Now, he's busy working on his magnum opus, a game called "Football Manager", where not only can you play as a normal player but also as manager, security, ticket salesman and even hotdog vendor. He's promised ultra-fidelious stadiums in which you can play with all your friends, assuming various roles on and off the playing field. However, right now there's only a single stadium, it's basically a grass meadow and there's no ball to kick yet. The running feels awkward. Scorekeeping isn't in yet either. The game received several "substantial upgrades", for example it now persists (=remembers) which shirt you were wearing. The other big addition is a clothes shop, because of course. The upcoming "Football Manager 3.0" patch, which promises to add all the gameplay features missing, like a soccer ball plus physics, goals, scorekeeping, a match timer, and a championship progression system, was scheduled to come out in December 2016 but has now been pushed back into 2017 along with the stand-alone singleplayer campaign "LockerRoom 42", but he has only told a small group of his backers yet and points to an NDA.
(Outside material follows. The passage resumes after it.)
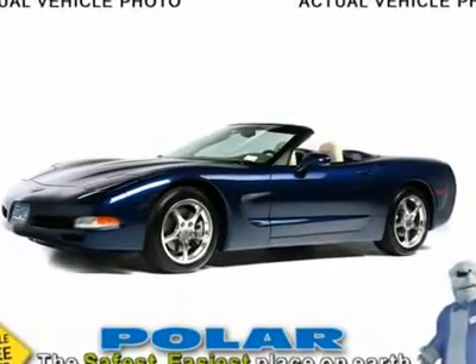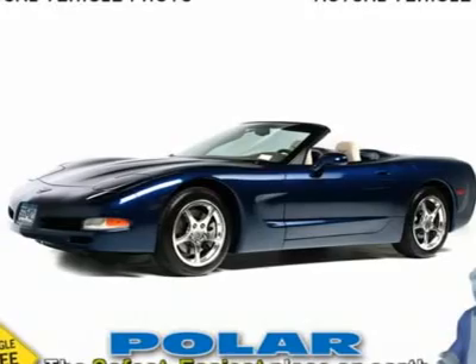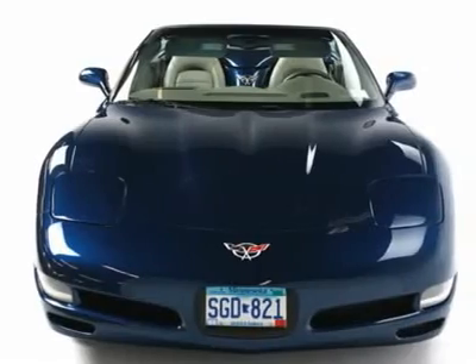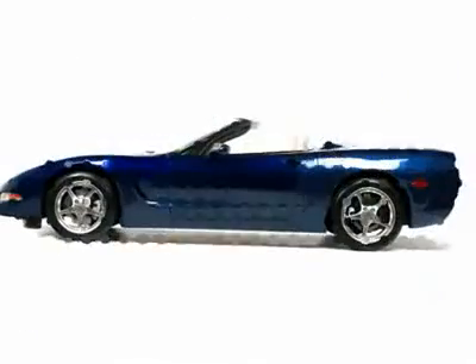This gorgeous, high-performing 2004 Chevrolet Corvette convertible in Lemans Blue will not disappoint. Be sure and take note of the commemorative edition with memory package and head-up display, to name a few.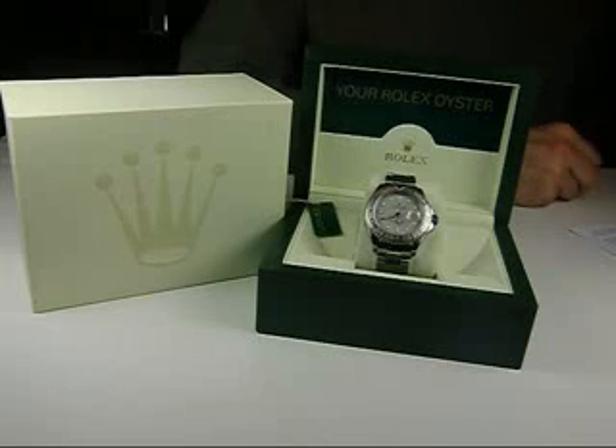Hi, folks. This is Dave Searles at Jones & Horan Auction Company in Gothstown, New Hampshire with another one of our wonderful offerings for our October 5th and 6th sale, this being in the modern field — modern wristwatches.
At random points during the game, your football player may suddenly run around naked like a streaker.

Meanwhile, a small UK developer has long since released their own football game, which started out as a pure football game without any management, ticket selling or hotdog vending. That competing game has a few problems of its own but the running around and ball gameplay is great, and they're slowly adding management aspects and there's talk about not only a security guard element being implemented, but also a full hot dog cooking simulation being in the pipeline for future seasons.

Contrary to Chris Roberts' "Football Manager" which still doesn't keep score or have a ball in the game, the UK competitor already simulates all football stadiums on earth.